◆ WHAT IS BEING ASKED:
Transcribe the data below verbatim from the line with "Real Grade A" to the line with "Auf Klassenfahrt mit". Include both of those lines.
:: DATASET EXTRACT
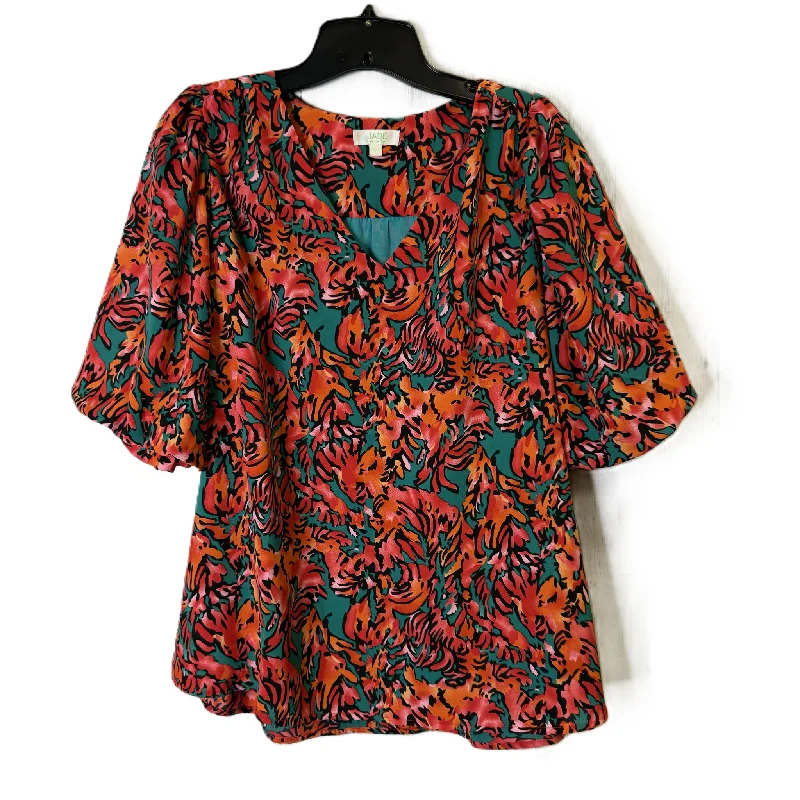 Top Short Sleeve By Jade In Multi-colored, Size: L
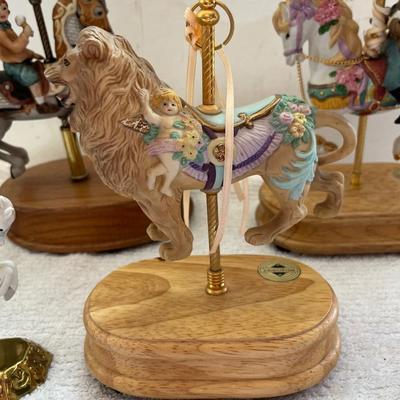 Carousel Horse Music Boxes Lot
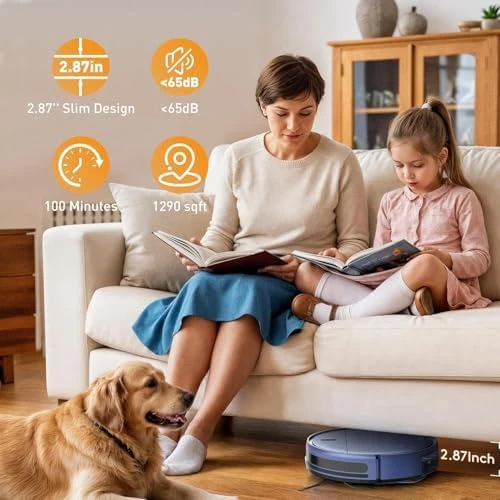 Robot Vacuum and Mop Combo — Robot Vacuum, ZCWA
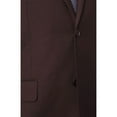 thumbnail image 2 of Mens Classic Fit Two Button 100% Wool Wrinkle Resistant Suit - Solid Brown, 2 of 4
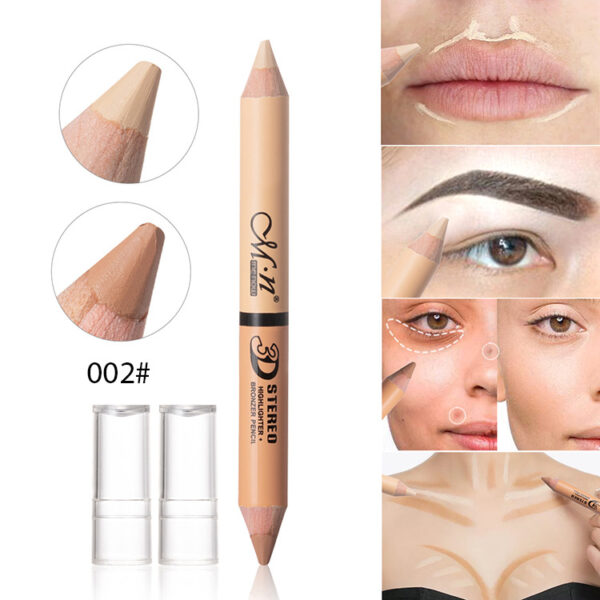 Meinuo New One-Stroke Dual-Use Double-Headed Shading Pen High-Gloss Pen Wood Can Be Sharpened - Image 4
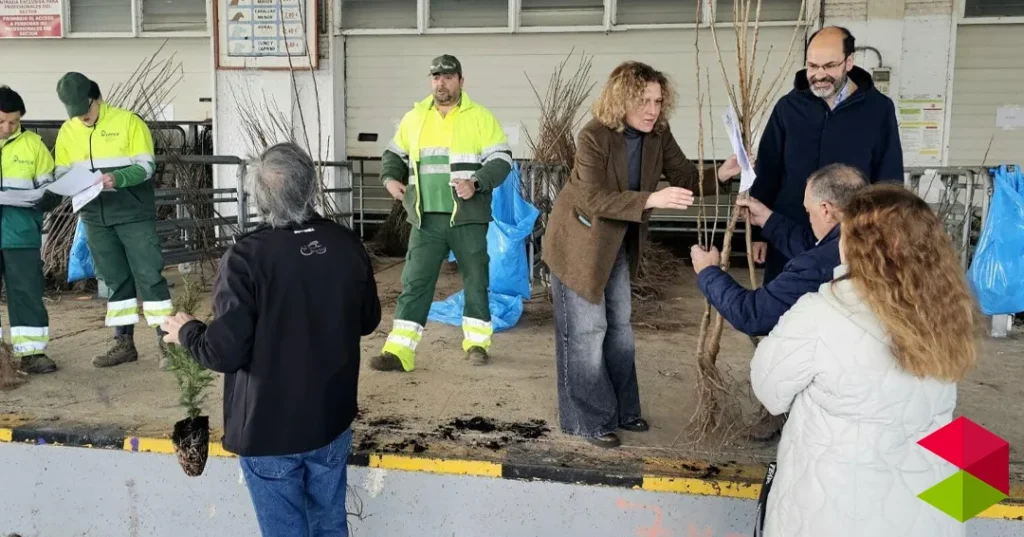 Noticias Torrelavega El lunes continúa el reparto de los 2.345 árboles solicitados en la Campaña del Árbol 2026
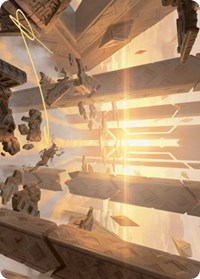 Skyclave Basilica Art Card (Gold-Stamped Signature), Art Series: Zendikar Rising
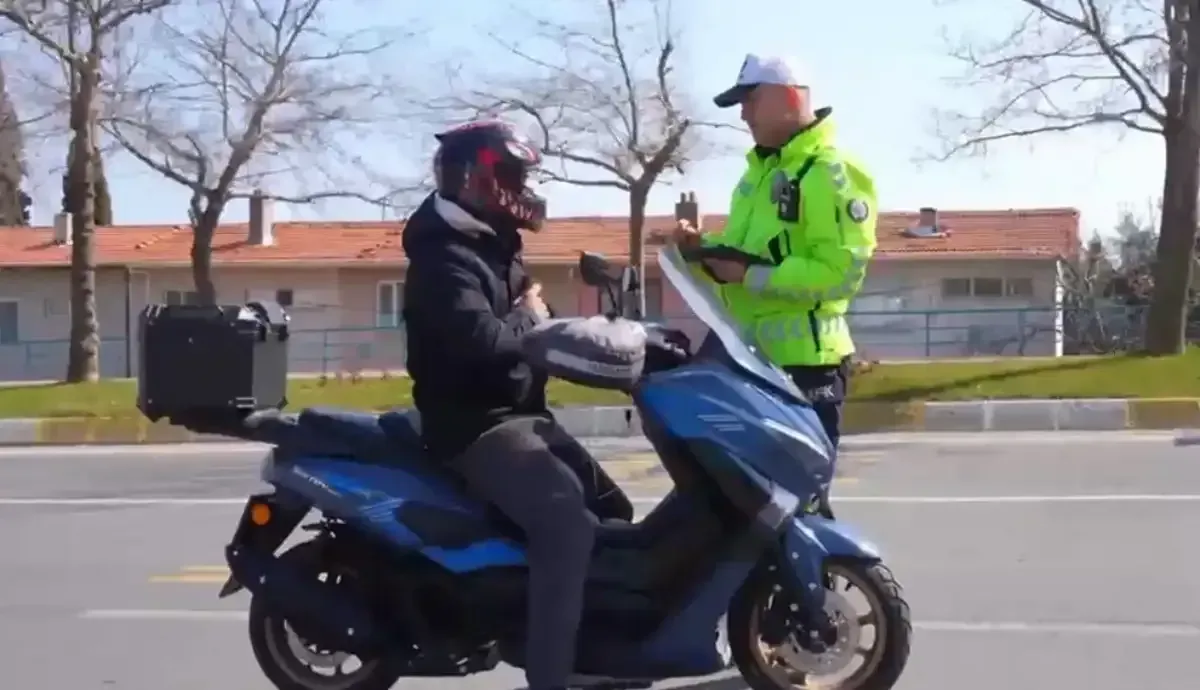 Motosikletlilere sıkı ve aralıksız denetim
::::
:: DATASET EXTRACT
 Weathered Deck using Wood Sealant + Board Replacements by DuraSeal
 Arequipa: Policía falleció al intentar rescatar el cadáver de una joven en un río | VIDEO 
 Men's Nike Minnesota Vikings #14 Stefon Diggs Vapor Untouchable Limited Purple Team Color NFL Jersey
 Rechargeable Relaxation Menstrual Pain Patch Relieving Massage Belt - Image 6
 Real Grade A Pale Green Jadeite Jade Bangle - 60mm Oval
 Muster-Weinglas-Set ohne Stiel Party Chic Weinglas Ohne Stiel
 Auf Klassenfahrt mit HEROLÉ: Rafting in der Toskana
::::
:: DATASET EXTRACT
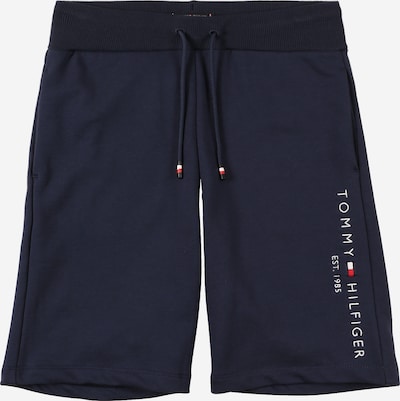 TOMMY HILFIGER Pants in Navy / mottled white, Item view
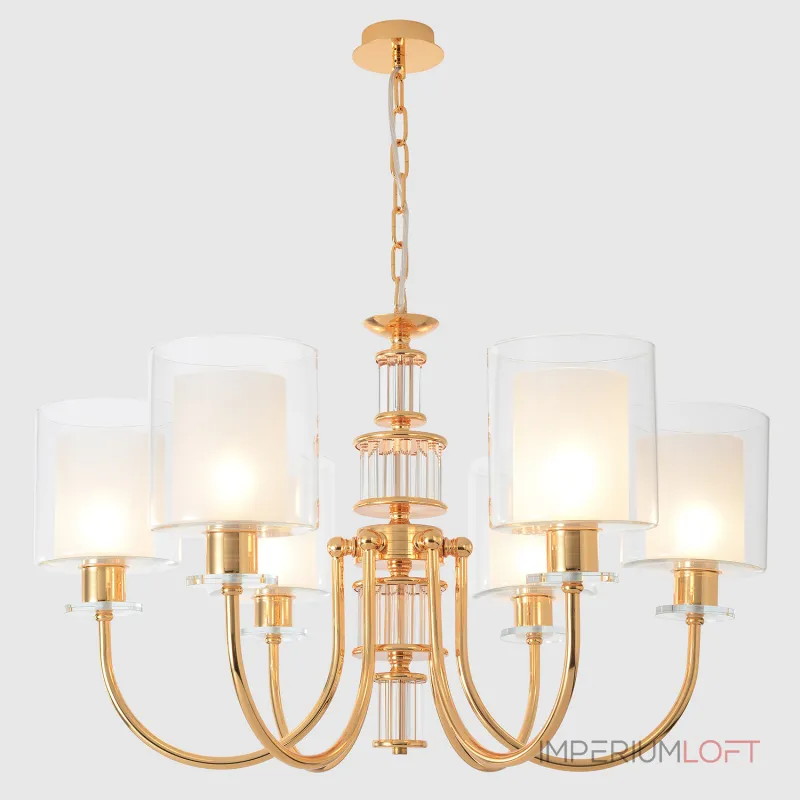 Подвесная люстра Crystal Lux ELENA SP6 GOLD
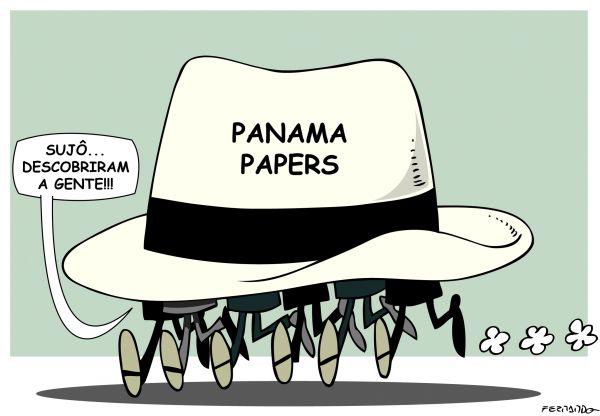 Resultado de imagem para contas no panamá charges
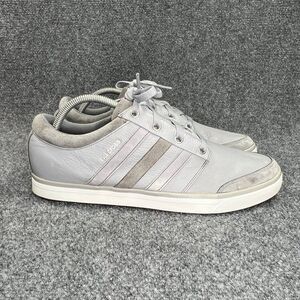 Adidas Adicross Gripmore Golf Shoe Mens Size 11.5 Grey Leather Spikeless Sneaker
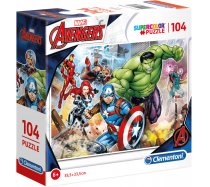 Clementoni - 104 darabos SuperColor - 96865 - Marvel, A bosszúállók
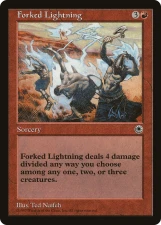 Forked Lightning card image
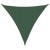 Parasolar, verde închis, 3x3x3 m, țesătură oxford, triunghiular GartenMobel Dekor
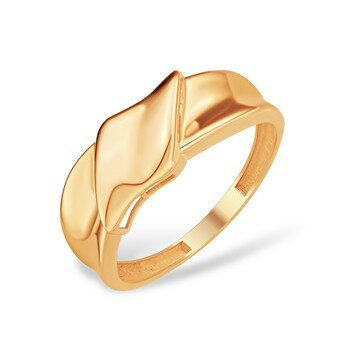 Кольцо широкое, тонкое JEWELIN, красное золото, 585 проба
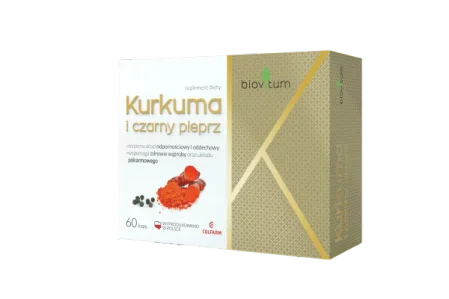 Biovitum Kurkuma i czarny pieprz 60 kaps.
::::
◆ ANSWER SPACE:
 Real Grade A Pale Green Jadeite Jade Bangle - 60mm Oval
 Muster-Weinglas-Set ohne Stiel Party Chic Weinglas Ohne Stiel
 Auf Klassenfahrt mit HEROLÉ: Rafting in der Toskana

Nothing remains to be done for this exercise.